Hygiene im Büro: Was Arbeitgeber rechtlich beachten müssen
Welche Reinigungspflichten treffen Arbeitgeber tatsächlich – und wie oft muss gereinigt werden? Ein praxisnaher Überblick über die relevanten Vorschriften und die daraus folgenden Frequenzen.

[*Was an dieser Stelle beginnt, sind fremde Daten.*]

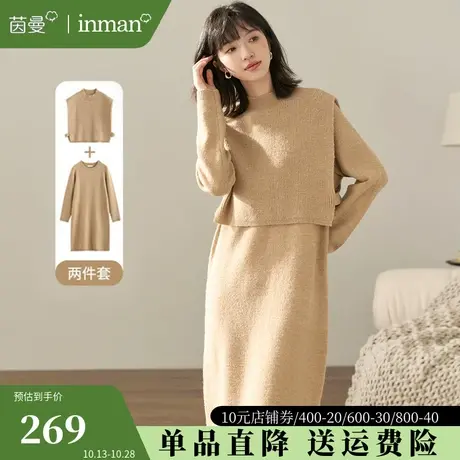 茵曼针织毛衣连衣裙套装裙2023秋冬新款半高领马甲打底裙两件套裙图片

Die wichtigsten Rechtsgrundlagen
| Vorschrift | Inhalt | Bedeutung für die Reinigung |
|---|---|---|
| ArbStättV §3a | Allgemeine Anforderungen an Arbeitsstätten | Verpflichtung zur regelmäßigen Reinigung |
| ASR A1.3 | Sicherheits- und Gesundheitskennzeichnung | z. B. Reinigungs- und Rutschgefahr-Hinweise |
| ASR A4.1 | Sanitärräume | Mindestanforderungen, regelmäßige Reinigung |
| BiostoffV | Biologische Arbeitsstoffe | relevant z. B. für Praxen, Labore |
Sanitärräume: die häufigsten Pflichten
ASR A4.1 schreibt unter anderem vor:
- regelmäßige Reinigung – Frequenz ist nach Frequentierung zu bestimmen
- ausreichende Lüftung
- jederzeit ausreichend Toilettenpapier, Handtuchpapier, Seife
- geeignete Abfallbehälter mit Deckel
- warmes und kaltes Wasser
Praktische Konsequenz: in einem Büro mit zehn Mitarbeitern reicht eine wöchentliche Sanitärreinigung in der Regel nicht. Üblich sind 3–5 Reinigungsgänge pro Woche.
Sozialräume und Küchen
Sozialräume gelten als Arbeitsräume mit besonderen Anforderungen: Oberflächen müssen leicht zu reinigen sein, Schädlingsbefall ist zu vermeiden. In der Praxis bedeutet das eine tägliche Reinigung der Oberflächen, Spüle, Tische und Stühle sowie wöchentliche Grundreinigung von Kühlschrank, Mikrowelle, Geschirrspüler und Müllbehältern.
Büroarbeitsplätze und Bürotische
Direkte Mitarbeiterpflichten sind sinnvoll, ändern aber nichts am Reinigungsbedarf der Gemeinschaftsflächen. Bürotische werden üblicherweise feucht abgewischt – Tastatur und Bildschirm bleiben Mitarbeiter-Sache.
Nach ArbSchG §5 müssen Arbeitgeber alle Gefährdungen am Arbeitsplatz bewerten – auch hygienische. Ein dokumentierter Reinigungsplan ist hier ein wertvolles Element der Risiko-Dokumentation.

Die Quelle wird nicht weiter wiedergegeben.